I Didn’t Know We Were Poor

“I didn’t know we were poor,” Carmen Aguilar admits. “Everyone around us was poor! It was just life.” 

Felix Yruegas echoes the same thought. “We had our own world. Sure, we went hungry from time to time, but that was normal,” he shares. “We didn’t know any different.” 

Aguilar and Yruegas both grew up on San Antonio’s Westside in the 1940s and 50s. They say they had no idea that just across town, people had plumbing in their houses. They had paved streets and sidewalks. They had electricity. They had bigger houses on bigger lots.  

Carmen Aguilar with her sisters Maria, Rosa, and Herminia in front of their Westside home.

In the heart of the Westside, they didn’t bat an eye at using their outhouse or trudging through mud every time it rained. As kids, they didn’t question why the only white people in the community were their teachers. They stuck together and continued on their way.  

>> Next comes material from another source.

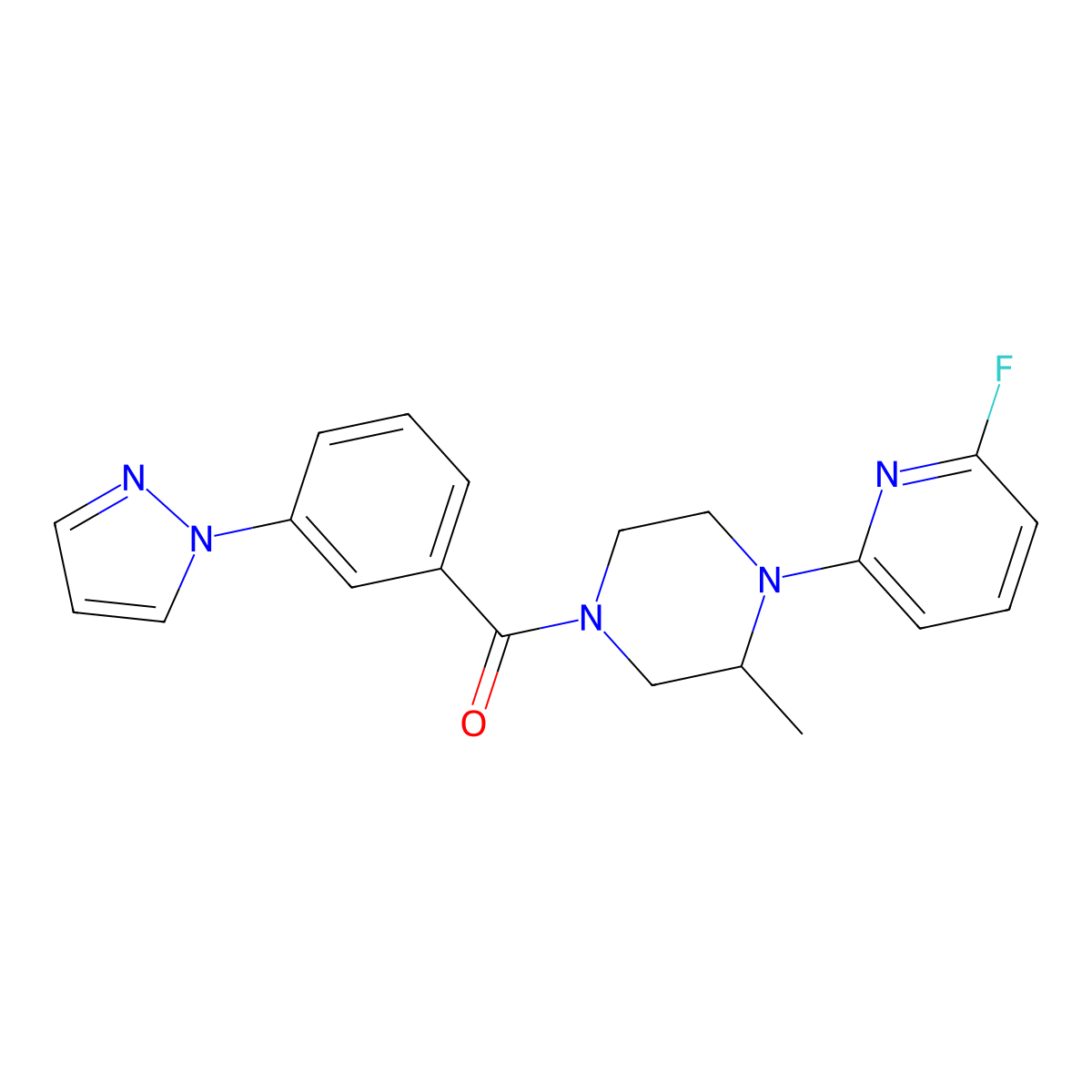 1-(6-fluoropyridin-2-yl)-2-methyl-4-[3-(1H-pyrazol-1-yl)benzoyl]piperazine molecular structure, CAS 3054544-19-0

What they didn’t realize at the time was their little world on the Westside was a direct result of redlining and deed restrictions, legal policies of segregation that shaped the early design of San Antonio.  

“People like to forget the preferential development of San Antonio,” attorney and historian Art Martinez de Vera says. “We like to forget that we forced Brown and Black neighbors to the West and Eastsides and gave them few city resources while we built up white communities in Alamo Heights, Woodlawn, and Monte Vista with large houses, paved roads, and even a dam to help with flood control.”  

Yruegas didn’t see the racial and economic disparities between the neighborhoods until he got a job with the postal service and moved to Harlandale in South San Antonio. Harlandale was originally created as a neighborhood for the white working class, but demographics began to shift as Latino families moved in during the 1960s and 1970s.  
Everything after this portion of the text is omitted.